I just woke up from an awful horror dream nightmare. It was very gross, and scary, and violent and sexual.
Look, I really do not understand why anyone makes — let alone watches — horror films. The snippets I get from Halloween decorations or 30-second film clips before I look away are enough to haunt my nightmares for weeks. Does it not affect other people this way? There is so much darkness inside twisted up humans. That is why I want light so badly. Light, and air, and trust, and kindness, and people taking care of each other, and babies.

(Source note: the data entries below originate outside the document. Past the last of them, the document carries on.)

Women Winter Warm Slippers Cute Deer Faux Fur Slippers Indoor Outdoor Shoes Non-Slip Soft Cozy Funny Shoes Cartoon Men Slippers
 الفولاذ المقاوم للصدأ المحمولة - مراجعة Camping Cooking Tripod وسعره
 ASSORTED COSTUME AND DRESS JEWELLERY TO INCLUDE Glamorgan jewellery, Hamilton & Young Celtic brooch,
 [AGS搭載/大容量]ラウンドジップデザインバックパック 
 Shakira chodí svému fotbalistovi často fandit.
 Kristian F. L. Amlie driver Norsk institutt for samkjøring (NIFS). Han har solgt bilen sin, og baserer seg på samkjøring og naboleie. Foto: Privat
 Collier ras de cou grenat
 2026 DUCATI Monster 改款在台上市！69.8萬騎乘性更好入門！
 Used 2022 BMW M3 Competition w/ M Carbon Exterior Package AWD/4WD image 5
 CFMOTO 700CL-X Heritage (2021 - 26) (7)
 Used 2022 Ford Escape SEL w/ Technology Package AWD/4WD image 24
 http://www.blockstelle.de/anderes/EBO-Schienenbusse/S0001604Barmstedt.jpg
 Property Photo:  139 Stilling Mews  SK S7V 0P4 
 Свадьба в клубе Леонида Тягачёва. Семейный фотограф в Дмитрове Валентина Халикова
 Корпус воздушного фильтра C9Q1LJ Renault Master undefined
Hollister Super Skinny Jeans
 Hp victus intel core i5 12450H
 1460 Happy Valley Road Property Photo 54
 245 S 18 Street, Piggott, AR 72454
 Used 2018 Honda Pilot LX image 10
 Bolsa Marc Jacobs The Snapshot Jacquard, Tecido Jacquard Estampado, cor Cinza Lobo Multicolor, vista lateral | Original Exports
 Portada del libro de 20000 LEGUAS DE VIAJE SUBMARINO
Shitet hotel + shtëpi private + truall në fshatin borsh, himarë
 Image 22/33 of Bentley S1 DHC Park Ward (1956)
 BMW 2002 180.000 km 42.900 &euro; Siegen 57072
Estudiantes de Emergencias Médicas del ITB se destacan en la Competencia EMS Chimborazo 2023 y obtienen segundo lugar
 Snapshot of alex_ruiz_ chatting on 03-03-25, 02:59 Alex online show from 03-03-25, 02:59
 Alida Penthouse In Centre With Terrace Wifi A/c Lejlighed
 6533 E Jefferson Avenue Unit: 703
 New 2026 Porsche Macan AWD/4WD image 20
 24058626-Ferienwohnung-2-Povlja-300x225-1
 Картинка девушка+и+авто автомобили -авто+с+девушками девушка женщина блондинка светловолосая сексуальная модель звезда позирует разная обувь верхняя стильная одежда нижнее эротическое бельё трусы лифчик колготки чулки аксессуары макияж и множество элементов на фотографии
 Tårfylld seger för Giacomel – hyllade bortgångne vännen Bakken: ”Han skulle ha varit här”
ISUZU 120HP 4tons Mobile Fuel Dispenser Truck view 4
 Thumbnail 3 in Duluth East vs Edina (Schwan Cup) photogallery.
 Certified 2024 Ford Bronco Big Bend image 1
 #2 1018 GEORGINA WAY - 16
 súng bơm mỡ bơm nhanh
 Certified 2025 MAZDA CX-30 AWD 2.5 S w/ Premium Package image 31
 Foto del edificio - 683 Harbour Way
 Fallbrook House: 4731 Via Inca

I know I’m abnormally sensitive, because the Disney film Aladdin was suffocatingly terrible to me as a small child. The aura of arbitrary magic (that could break the laws of nature with buildings rolling on the ground!) and the Jafar-Jasmine thing (I was too little to know what sex was, but I hated the vibe of predator and prey, using wits and honeyed words–it was sickening as much as the lingering smell of pot smoke and old urine in undergrad dormitory stairwells is).
Maybe there is something in my soul that resonates with recognition towards the darkness. I feel like I can feel the creeping chill of it, long before anyone else in the room mentions the draft and closes the door. But this I keep wondering — can they really not feel it, or are they all pretending?
When this sort of thing descends like a cloud, I hold on to Jesus’ promise to me with both hands. This is why I listen to cheesy evangelical music on loop, lay my head on a Bible, and go to the “fuddy duddy” churches. I want air and light and life. And Jesus is my only hope.